Beyond a doubt I took great pleasure in jumping, washing and bobbing in Lake Erie for 10 - 15 minutes. My body temperature dropped from ‘sweatin’ like a pig’ to ‘feelin’ human again’ and once back on dry land, and after looking carefully in all directions several times, I savoured one fine, cold bottle of beer.


My “brilliant notes” reveal my pleasure: “WATER FELT GREAT!! WATER FELT GREAT!! dust from the journey (about 60 km.) washed off nicely and I opened beer on almost deserted beach. BEER TASTED GREAT!! BEER TASTED GREAT!!

By now, some readers will realize it doesn’t take much to amuse me. Besides the cool water and cold beer, I took great pleasure in receiving my own key to the bathroom and shower house. “Cool! Life in Port Bruce comes w perks,” I later wrote. In such a positive mood, I’m not surprised that, after calling my wife from the end of the pier (the one spot where cellphone service was usually available) to say I’d arrived safely, I bought myself supper instead of cooking it up myself back at the campsite.

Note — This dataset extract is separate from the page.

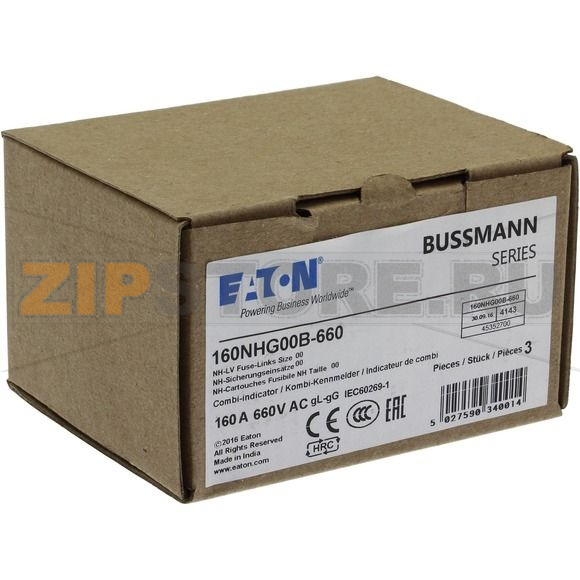 Предохранитель, 160 A, AC 660 В, 50 кА, NH00, gL/gG, IEC Eaton NH FUSE 160A 660V GL/GG SIZE 00 DUAL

Honestly. Here were the choices:

King Burger at the Sand Kastle vs canned spaghetti and meatballs at my picnic table. 

$5 price tag vs $1.09.

Burger, cheese, peameal bacon vs canned pasta and mystery meat.

Marvelous vs mysterious.


Easy decision, right? It took me less than 5 seconds to readjust my plans for supper. (I think the long bike ride had a part to play in tilting the scales heavily in favour of the easy kap-easy route and letting somebody else cook on my first night of camping near the peaceful shores of Lake Erie. Of course, I do have a lazy streak).

And once I entered my tent for the night, though a few thoughts about future trips entered my mind (e.g., “Cycling w too much weight is hard work. I may have to think about a B&B scenario or... a cheap, dark motel!!”), they didn’t linger long. I slept like the proverbial rock.

* * * * *



PHOTOS FROM ALONG THE WAY







* * * * *






Lazy bum am I.” (Historically speaking, of course).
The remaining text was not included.